Outro dado revelador diz respeito às barreiras percebidas. A falta de conhecimento e o custo das ferramentas aparecem como os principais entraves à adoção. Não por acaso, começam a surgir iniciativas de capacitação em IA e tecnologia voltadas às organizações sociais, como o próprio programa IA.3 – Inteligência Artificial para o Terceiro Setor. Já os riscos éticos e de privacidade são pouco mencionados. Apenas 15% das organizações os apontam como barreira, o que sugere não uma ausência de riscos, mas uma lacuna de compreensão sobre eles. Em outras palavras, o debate sobre uso responsável ainda não acompanhou a velocidade da adoção da tecnologia.

Isso, no entanto, não diminui o potencial transformador da IA para o terceiro setor, pelo contrário. Organizações que conseguem integrar tecnologia à sua estratégia institucional ampliam sua capacidade de análise, ganham eficiência operacional e fortalecem sua incidência. Em um contexto de crescente pressão por resultados e transparência, isso é central.

Mas há uma diferença importante entre usar e saber usar. O que os dados indicam é que o terceiro setor brasileiro já atravessou a fase da experimentação inicial, mas ainda não consolidou uma cultura de uso estratégico da inteligência artificial. E essa transição não acontecerá espontaneamente.

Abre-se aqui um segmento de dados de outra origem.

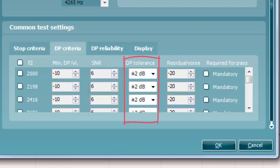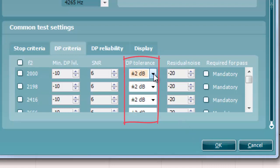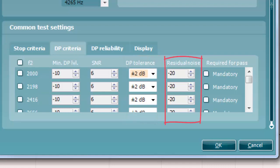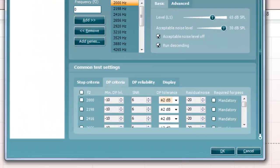DP tolerance defines how stable the OAE must be over time in order for it to meet the stop criteria. Residual noise allows you to define at which level the residual noise is considered to be so silent that a DP OAE would have been detected if it were present.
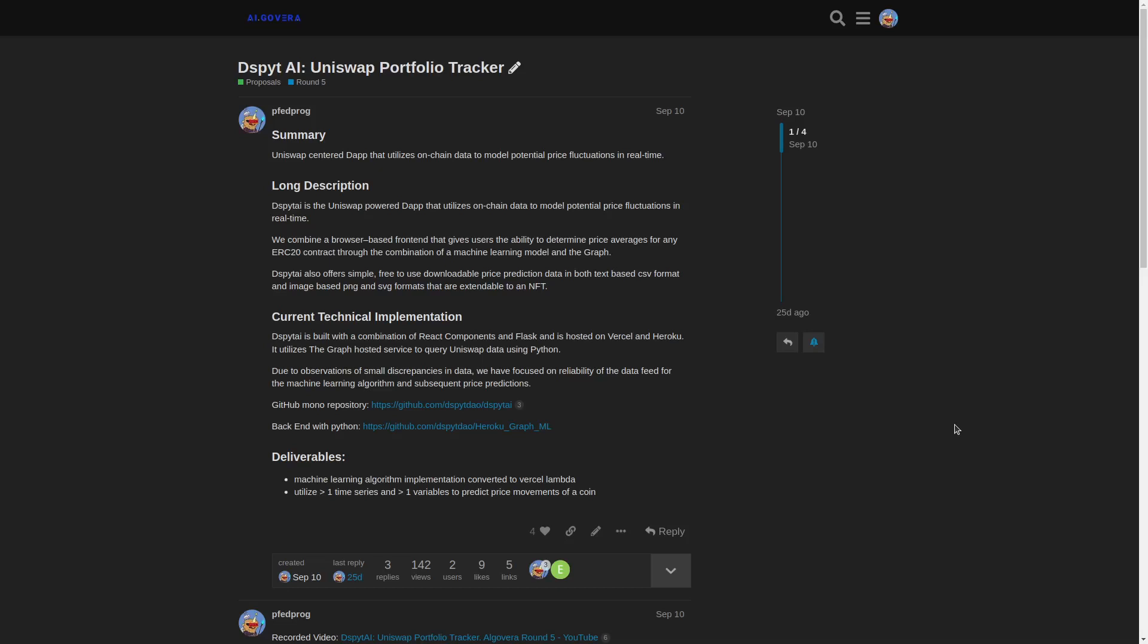Here we combine a browser-based frontend that gives users the ability to determine price averages for any ERC-20 contracts through the combination of a machine learning model and the graph that utilizes the contract data from Uniswap.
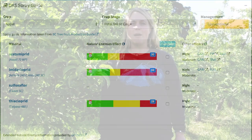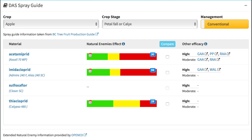When looking at the DAS system, you can look at the management recommendations and you will need to choose the crop stage. If you select the petal fall and calyx crop stage, you will see four options for campylooma control that come from the BC Tree Fruit Production Guide. There are several neonicotinoid options including Admire, Assail, and Calypso, and you'll also see the product Closer. These spray options are available to growers for the control of campylooma and can be tank mixed with other nutrients that will go on at the petal fall period.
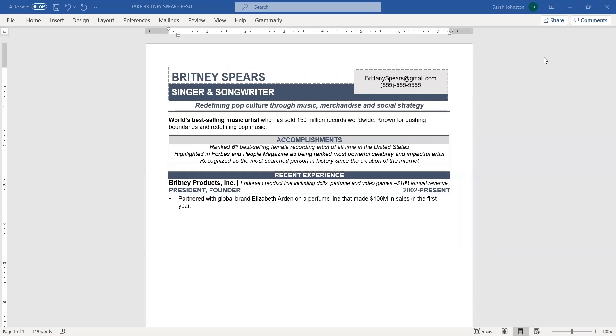Have you ever wondered how resume writers create documents that have nice shading and pops of color like this one? If you have, you're in luck because I'm going to walk you through what to do here.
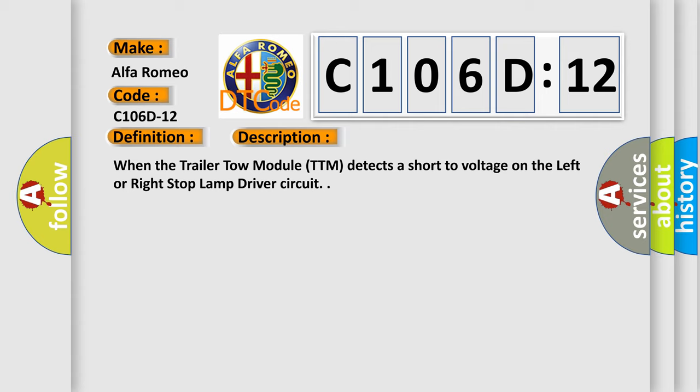When the trailer tow module TTM detects a short to voltage on the left or right stop-lamp driver circuit.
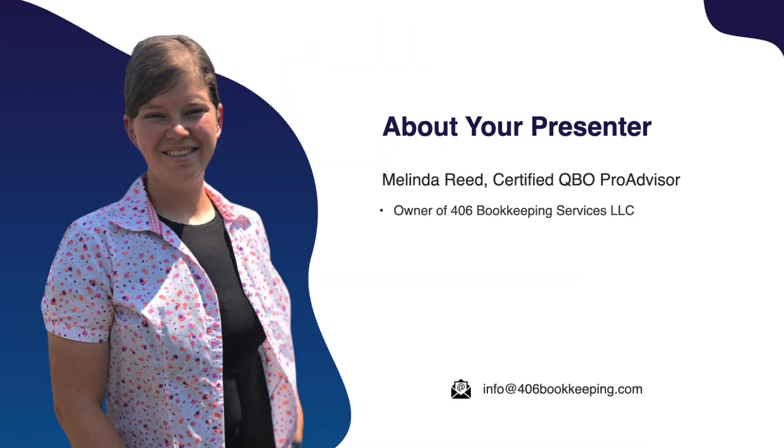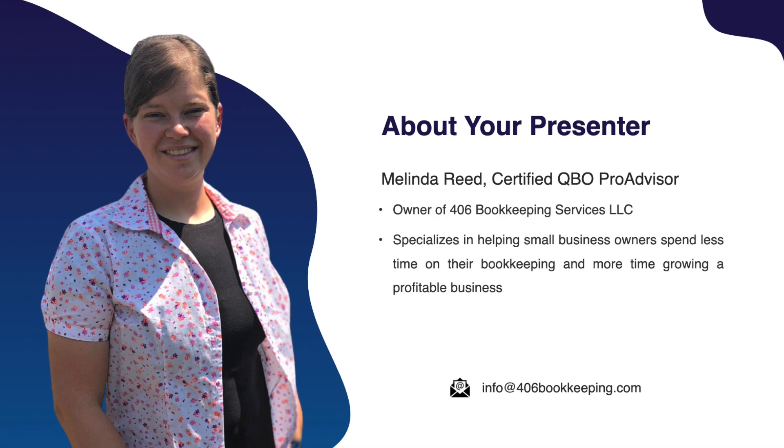If this sounds inviting to you, my name is Melinda and I'm a QuickBooks Online Certified Pro Advisor and owner of 406 Bookkeeping Services LLC. Check out the link in the description of this video and let's see if our services are the right fit for your business.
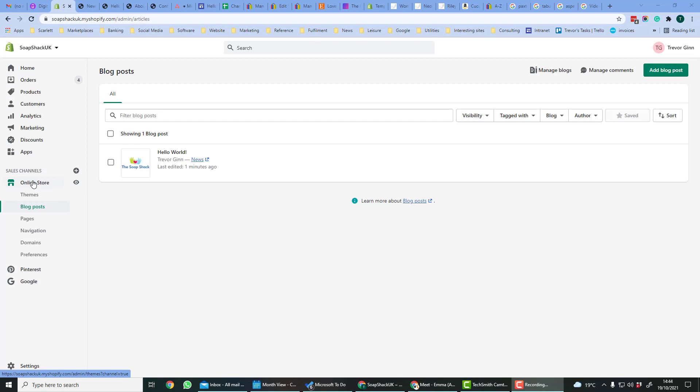Blogs are managed from your online store in the left-hand navigation and then blog posts. If you go to the blog post page, you can manage your blogs from the Managed Blogs link at the top.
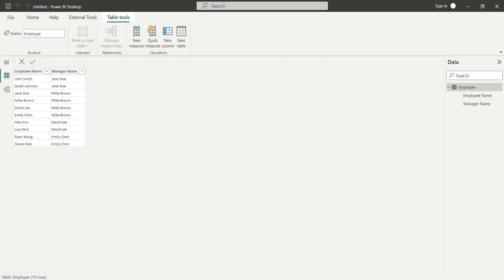Hello everyone, my name is Ashish and in this video I'm going to show you how to calculate the PATH function and related functions like PATH ITEM, PATH ITEM REVERSE, PATH LENGTH, and PATH CONTAINS. I have a dataset for employees having employee name and manager name. The PATH function basically gives you the hierarchy.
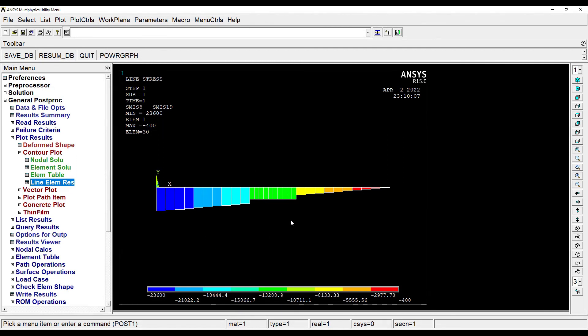So that's how you're getting the values. So I hope you have understood the process for solving of cantilever beam which is subjected to uniformly distributed load. If you have any doubts, please write to me in the comment section. See you in the next session, thank you.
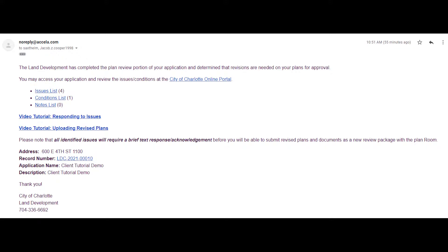Plan reviewers add comments and markups to your plans in the digital plan room as either issues or conditions. Issues are comments and markups identified within the plans that require correction prior to plan approval, while conditions are markups that must be addressed in the field but do not prevent the approval of final plans.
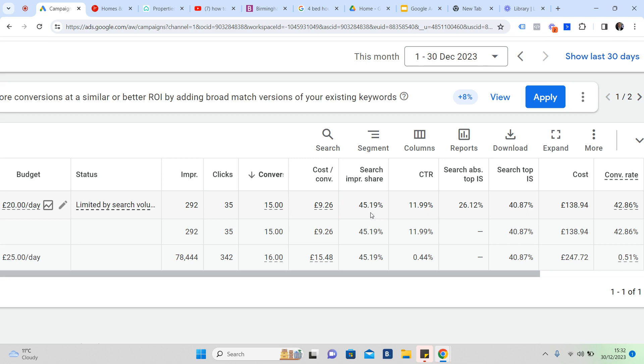This is a very simple funnel. Someone types in they're looking to get their house valued. We show them an ad. They click on the ad. They fill out their information. This page is converting at 42 percent. We've given Google £138.94, and it's given the agent 15 families that are thinking about selling in their postcode, not 15 miles away or 20 miles away or even across the county, but very local.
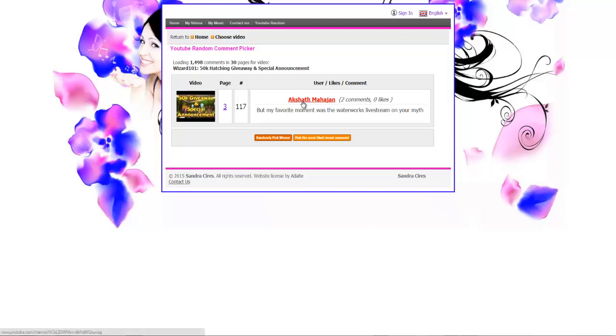Akshath Mahajan and his quote: 'My favorite moment was when the waterworks live stream on your myth, amazing.' First winner is Akshath, hopefully I'm not butchering that name Mahajan. Congrats my brother or sister, first winner right there.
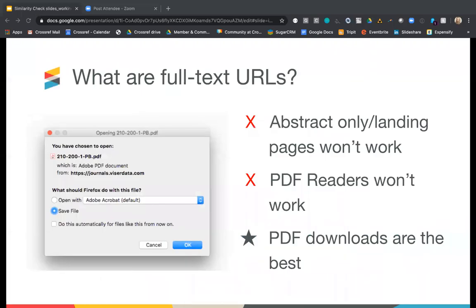A full text URL must point directly to the full text content. Providing a link that just shows the abstract of the article won't work for indexing — a link to the download or the HTML of the full text is required. A URL can't point to the article landing page, even if the content is available via a link on that page. Additionally, providing a link that shows the article in a PDF viewer also won't work for indexing, as Turnitin isn't able to index content in that format. You'll need to provide a link to either the download or the HTML of the full text.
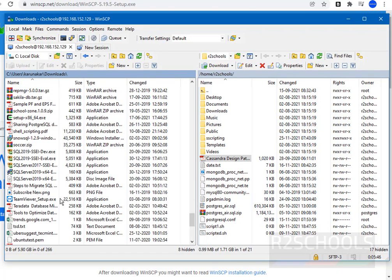So in this video we have seen how to download and install WinSCP on Windows 10, then how to connect to a remote host from WinSCP, and then how to transfer files from Windows to Linux as well as Linux to Windows. For more videos, please subscribe to my channel. Thank you.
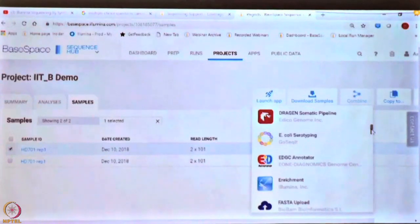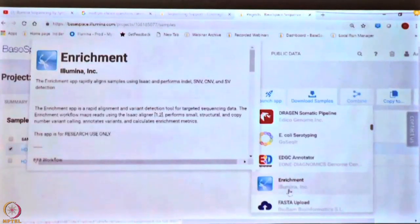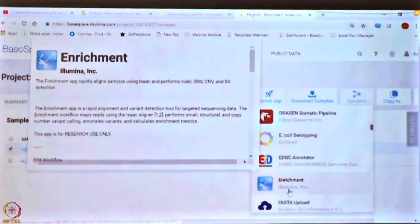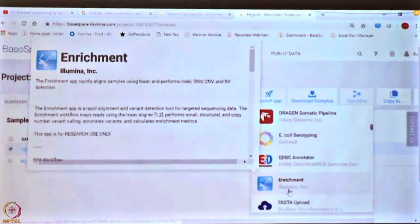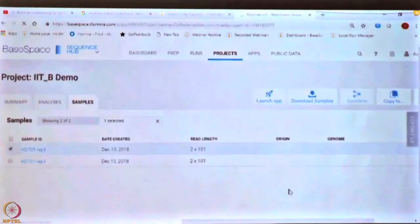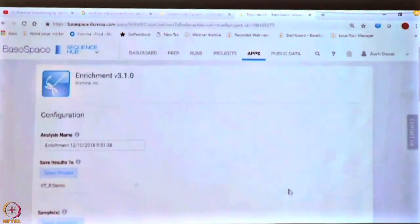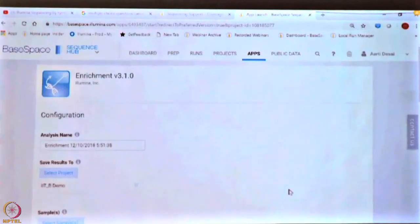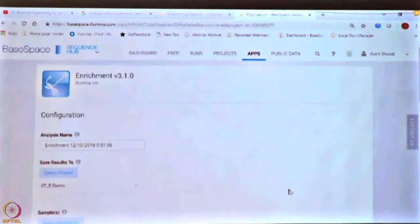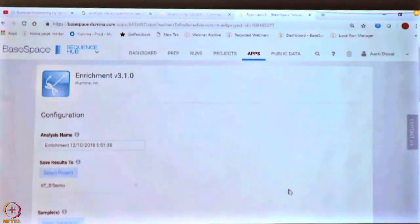Because this is a cancer panel that we have done enrichment on, I can choose an enrichment app. What this will do is run what is known as variant calling — it will call mutations and small indels. So I selected a file from my project, clicked on launch app, and from the launch app selected the enrichment app, because the data is from the TruSight Cancer panel and we want to get variant calls — mutations and small insertion deletions.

Ela exige investimento, não apenas financeiro, mas também em formação, governança e cultura organizacional. Exige que lideranças incorporem o tema como parte da agenda institucional, e não como curiosidade tecnológica. E exige, sobretudo, que o campo da filantropia reconheça seu papel nesse processo: apoiar o fortalecimento digital das organizações como parte indissociável do fortalecimento da sociedade civil.

A inteligência artificial não é neutra, nem inevitavelmente benéfica. Seu impacto depende das escolhas que fazemos agora. No terceiro setor, isso significa sair do uso disperso e avançar para uma adoção consciente e orientada por propósito. O desafio já não é acessar a tecnologia, mas criar condições para que seu uso seja estratégico, ético e responsável.